With continuing advances in software for vehicle autonomy propulsion, sensors, fast-signal processing and other UUV-enabling technologies, more prototype devices of varying shapes and sizes are emerging all the time. Now two companies in south west England – a recognised ‘hot spot’ for developing maritime technologies – have joined forces to provide state-of-the-art testing facilities for unmanned vehicles.
Military-based marine consultancy BMT Isis is working with Plymouth company MSubs to develop remote-control technology as part of a proposed offshore maritime sea range, in an area close to the Plymouth coastline, where companies will be able to test their innovative creations and work together to develop unmanned craft for air, surface and subsea use.
The ‘fully instrumented’ maritime sea range will feature a series of sensors within fixed buoys or mobile platforms fitted with environmental sensors, sonar transducers, GPS and Wi-Fi for tracking, navigation, communications and data collection.
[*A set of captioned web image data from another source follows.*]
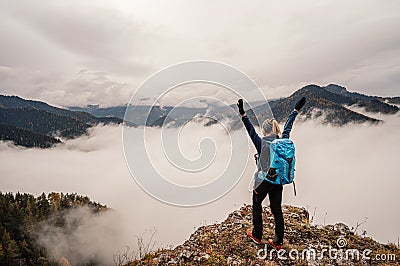 Travel lifestyle concept. Adventure summer vacations outdoor. Gilr enjoying day in the mountain. Stock Photo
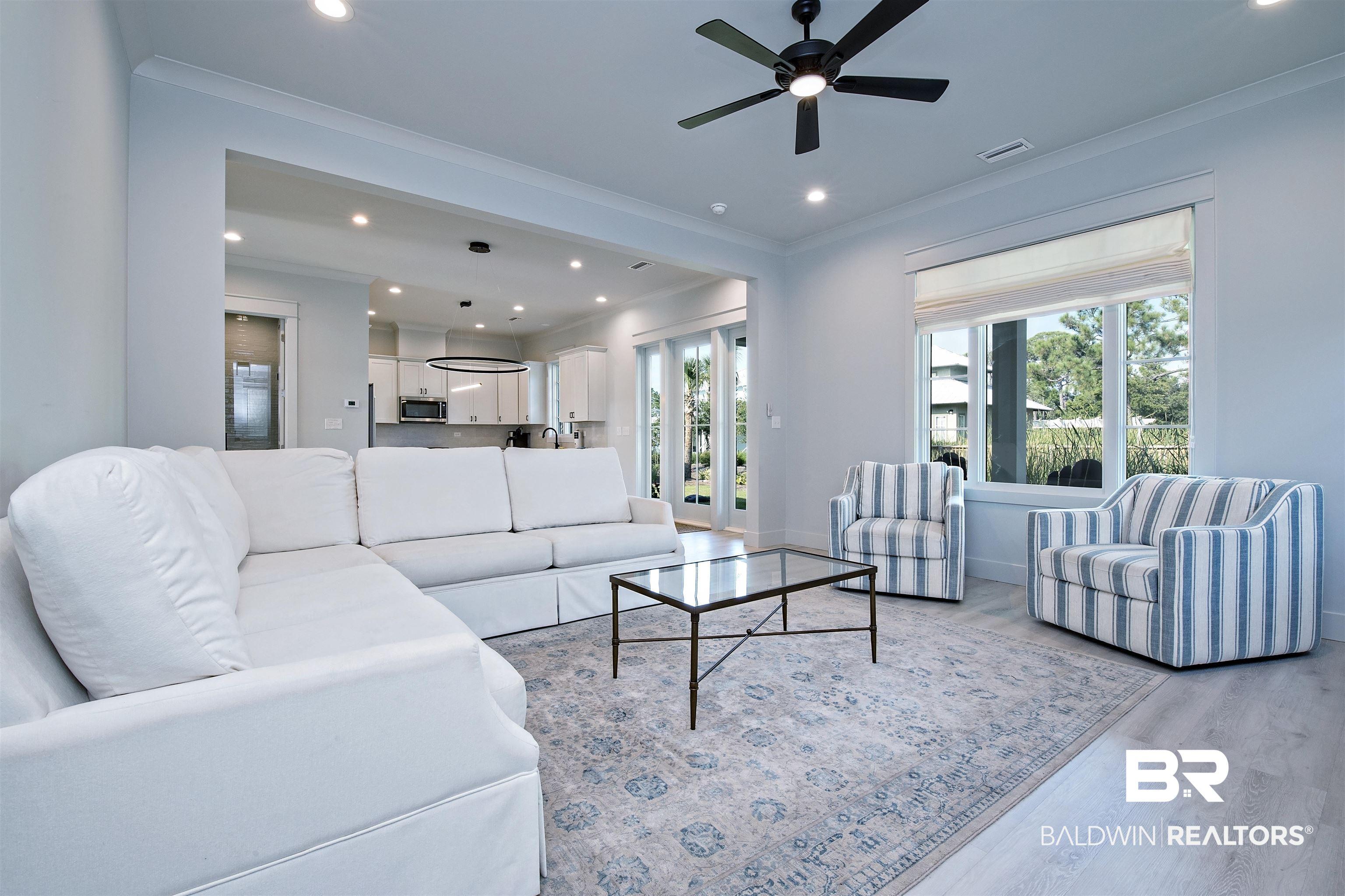 Image 4: Bright living area featuring light wood-finish flooring and recessed lighting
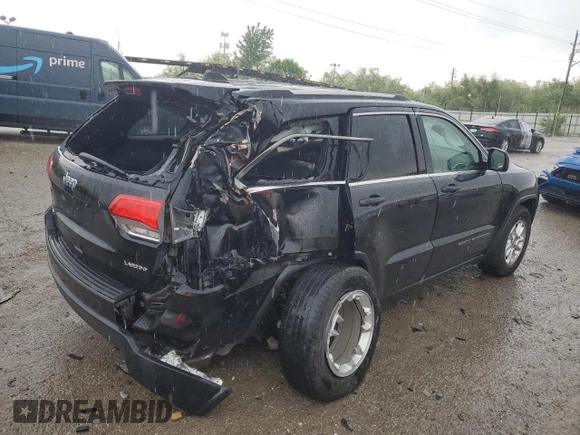2018 Jeep Grand Cherokee Laredo E with VIN 1C4RJFAG5JC113283, listed as a Copart auction lot 57569595 with 90,897 mi miles and Salvage title. Bid and sale history available at DreamBid. Image 3.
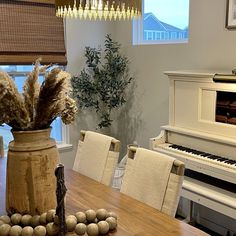 a wooden table topped with a vase filled with flowers next to a piano and window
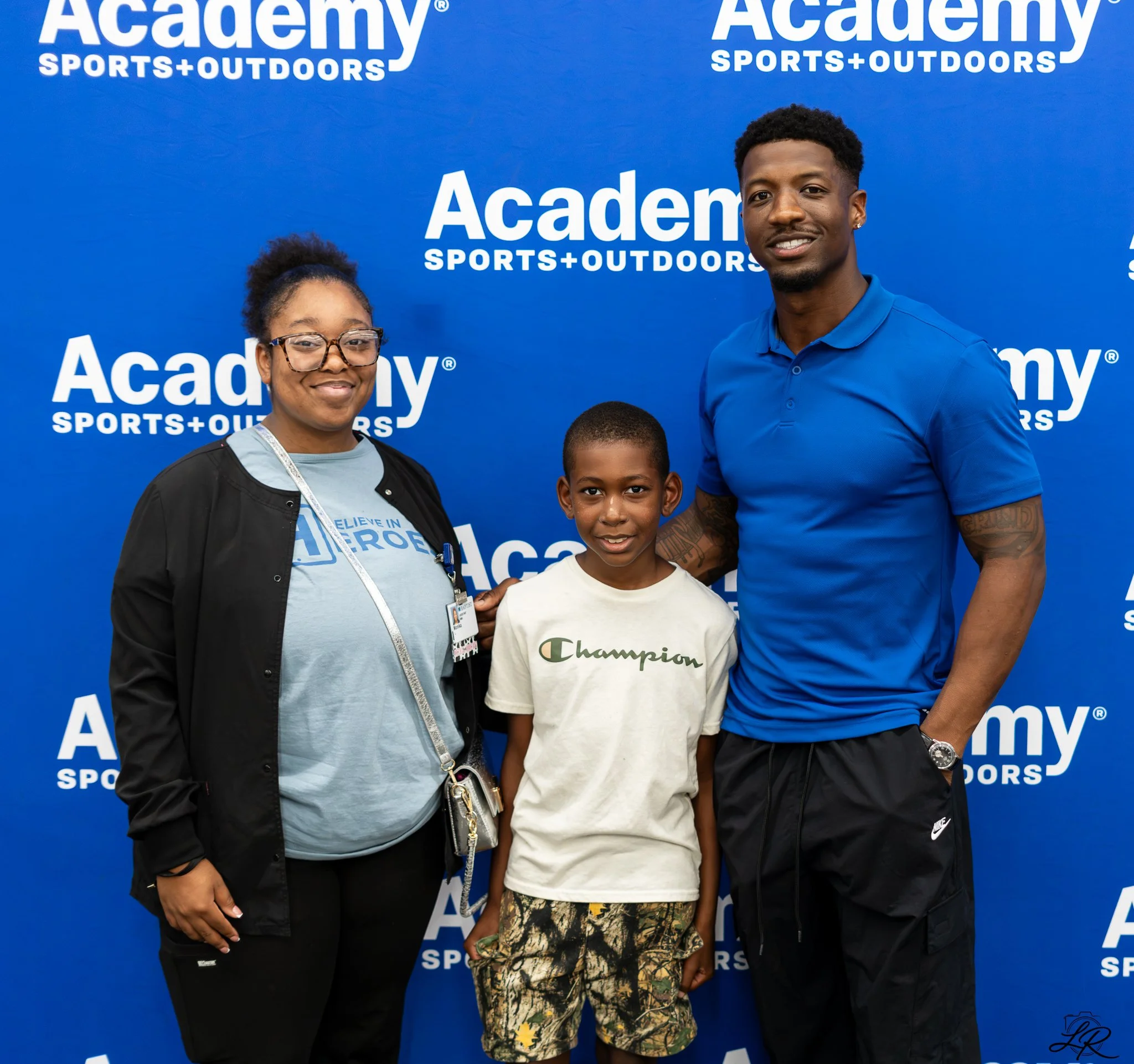 Group of three people smiling in front of a blue background with white text reading "Academy Sports + Outdoors"; a woman wearing glasses and a black jacket, a young boy in camouflage shorts, and a man with tattoos on his arm wearing a blue polo shirt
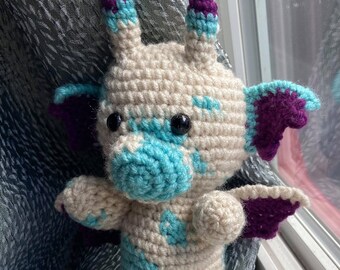 May include: A handmade crochet dragon plushie in cream, teal, and purple. The dragon has large black eyes, small wings, and horns. The plushie is sitting in front of a window.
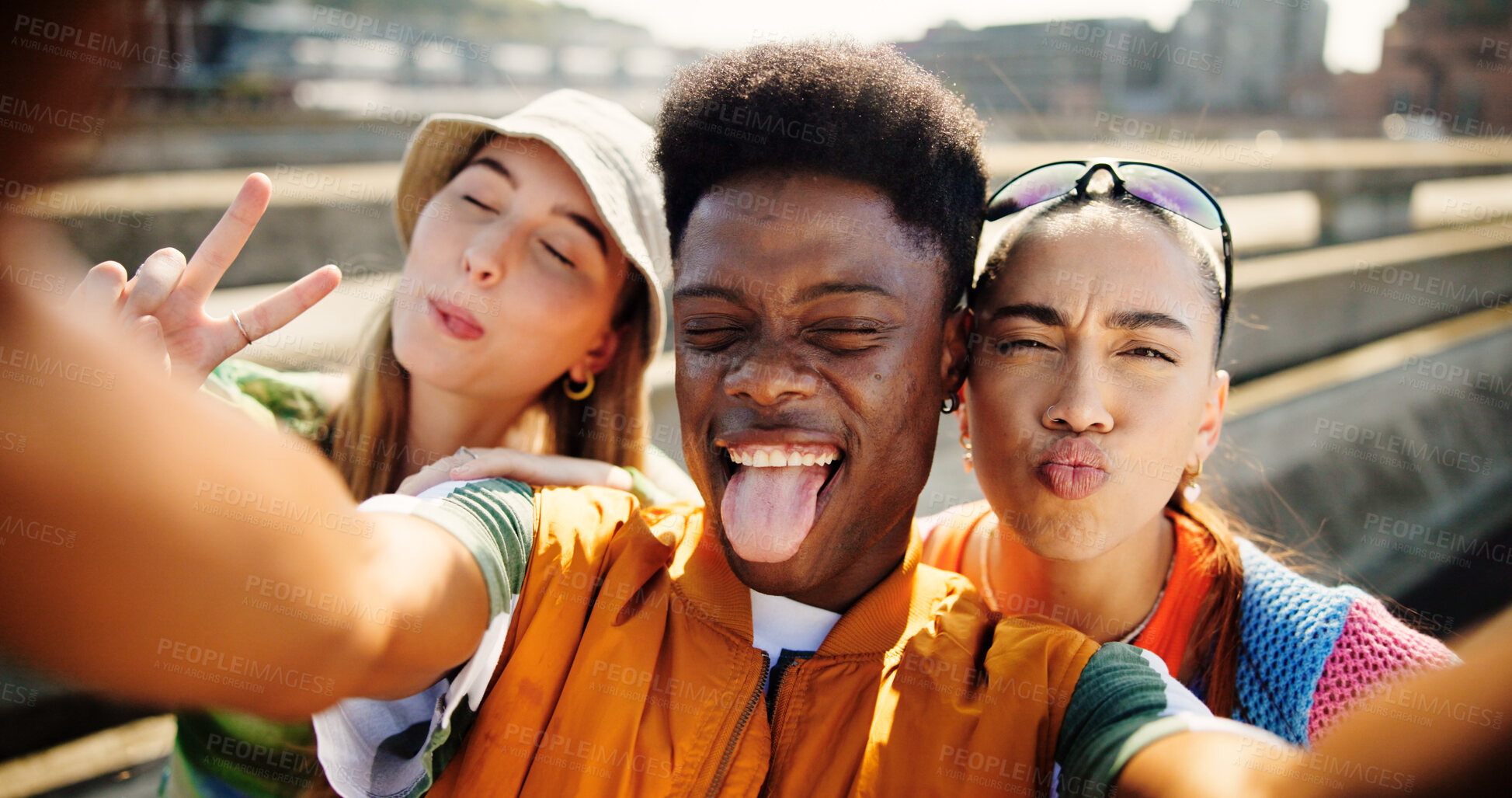 Buy stock photo City, people and friends with tongue out for selfie, summer memory and profile picture for social media. Bridge, women and man with photography for gen z fashion, funny pout or peace sign for bonding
The intention is to help developers test their unmanned systems in realistic conditions, giving them opportunities to make adjustments and modifications during sea trials.
“Unmanned underwater, surface and air vehicles (collectively known as UxVs) have been used extensively in military operations for many years,” says Mike Prince, managing director at BMT Isis. “But their application for commercial and humanitarian tasks has only recently started to come to the fore, made possible by a leap forward in technology and innovation.”
Apart from providing specialist facilities for technology companies to test their prototype creations, the proposed sea range will help companies to “make important strides into delivering co-operative behaviours to complement vehicles working in all domains, be it air, surface or subsea”.
The plans include a mobile shore control facility with radar tracking and communications linking to shore-based networks and the internet. Ultimately, the test-facility will enable a range of UxVs to seamlessly co-ordinate with each other with minimum or no human involvement. All devices will be monitored and assessed from the shore control centre and operators will be able to change their test parameters and make adjustments during trials.
MSubs, which supplies manned and unmanned underwater submersibles to military and commercial users, and BMT Isis (a BMT Group subsidiary) say the proposed offshore site is ideal because of its low shipping density and closeness to military bases at Devonport and surrounding areas. They believe it will strengthen the south west of England’s position as a hub for maritime technology development. The aim is to provide cost-effective on-site and remote access to UK, European and global technology companies.
Brett Phaneuf, managing director at MSubs, says: “Currently, there is no readily available UK or EU based facility capable of enabling command, control and tracking of multiple unmanned underwater, surface and air vehicles in an environment where oceanographic and meteorological data can be monitored and recorded concurrently with the test.
“This is no longer acceptable and a range in the South West is the most practicable location due to its low shipping density and access to local manufacturing infrastructure.”